Search code examples
postgresqlregex-negationregexp-replace

postgres regexp_replace negate presence of consecutive groups of chars


i have a database export that come with some wrong chararacter substitution(like è => e'). So i have to change it back in postgres.
I'm going crazy to make an all in one regex that catch something like this:

cassine' de' pecche' e'

it must become

cassinè de' pecchè è

(de' must not change).

I managet to get it with two pass:

UPDATE mytable SET comun1=UPDATE mytable SET comun1=regexp_replace(column1,'([^dnNn])(e\'')', '\1\2è', 'g');   

UPDATE mytable SET comun1=UPDATE mytable SET comun1=regexp_replace(column1,'([^\s])([dnNn])(e\'')', '\1\2è', 'g'); 

Basically i want to exclude from replace a space followed by d or n and followed by e' (like " de'") and change the e' in all other cases.
I tried (?!\s[nNdD])(e\'') but it still changes " de'" to " dè"

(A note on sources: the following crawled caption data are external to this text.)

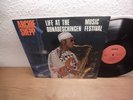 Archie Shepp – Life At The Donaueschingen orig Saba LP 1967 mint- Free Jazz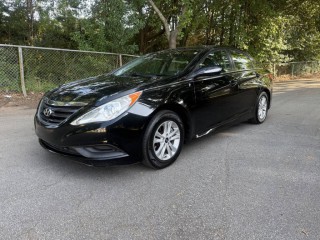 Image for 2014 Hyundai Sonata GLS ID: 7520705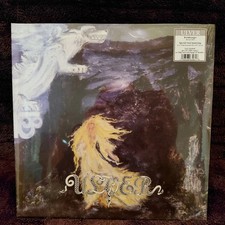 Ulver – Kveldssanger, ltd. to 500, Gatefold, grey Vinyl LP #ae428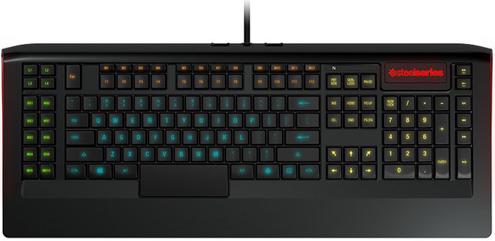 SteelSeries Apex Gaming Keyboard (CH, Kabelgebunden)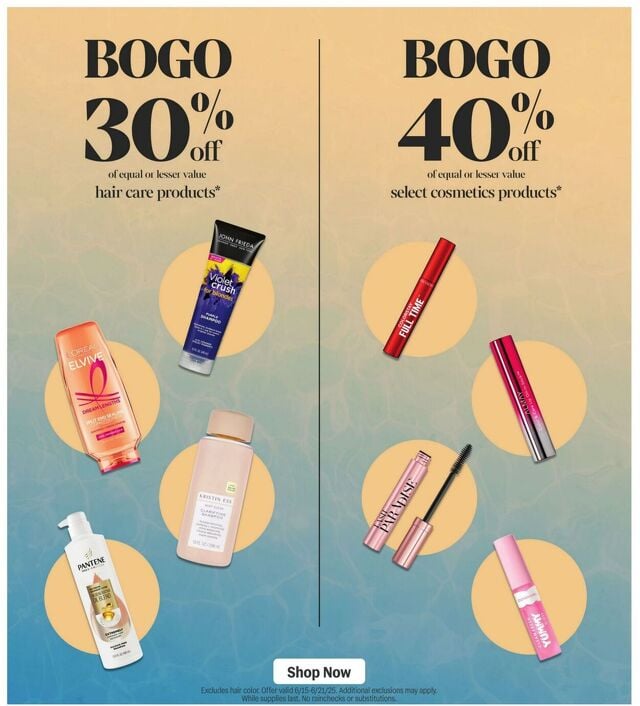 Catalogue Meijer from 06/15/2025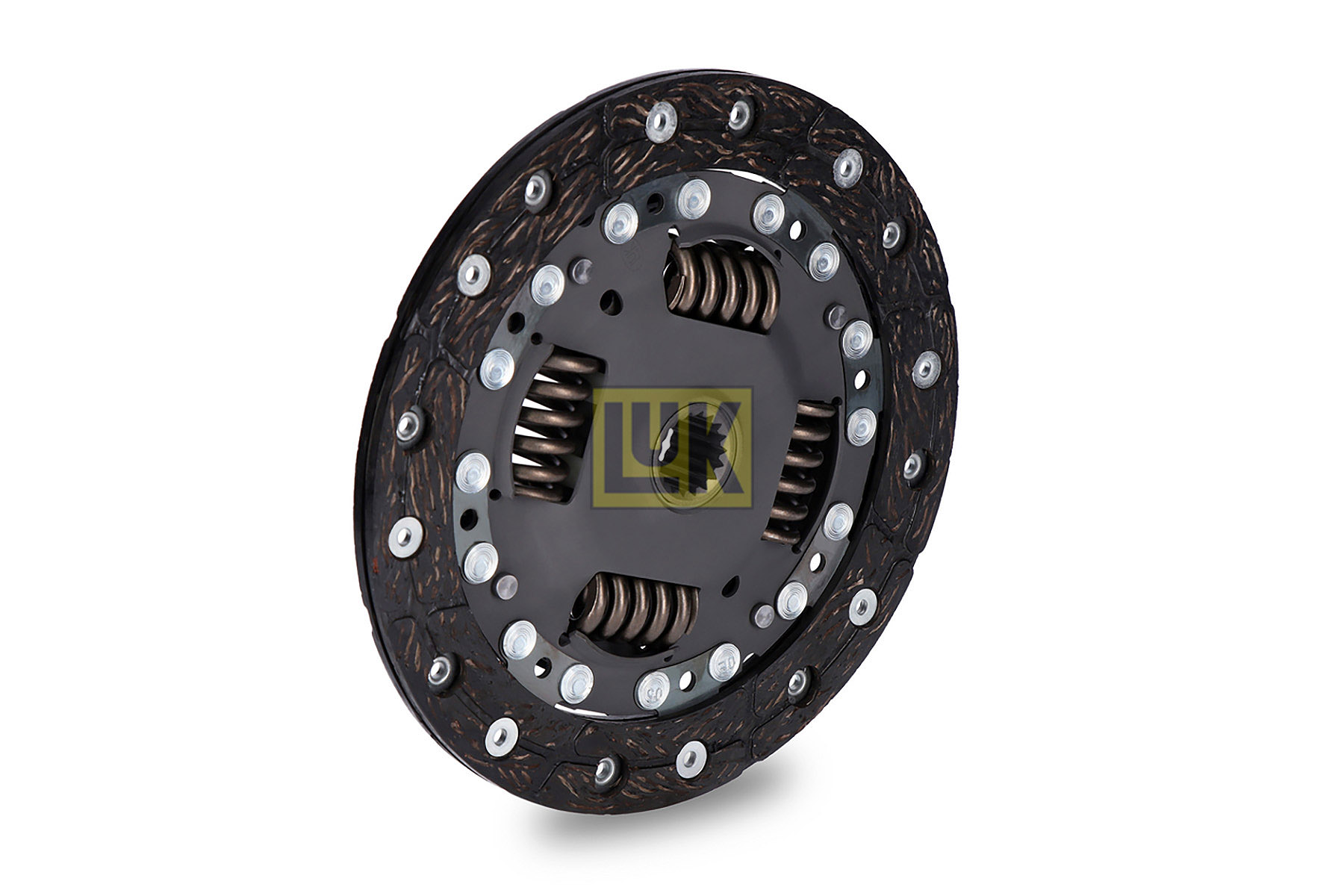 Clutch Disc 2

Does anyone have a solution for this?


Solution

  • select regexp_replace($$cassine' de' pecche' e'$$, $$(\s[^dn]?|\w\w)e'$$, '\1è', 'gi')
        regexp_replace    
    ----------------------
     cassinè de' pecchè è
    (1 row)
    

    Explanation:

    (\s[^dn]?|\w\w)e'
     ^       ^     ^ 
     |       |     followed by e'
     |       or 2 word chars
     space optionally followed by d or n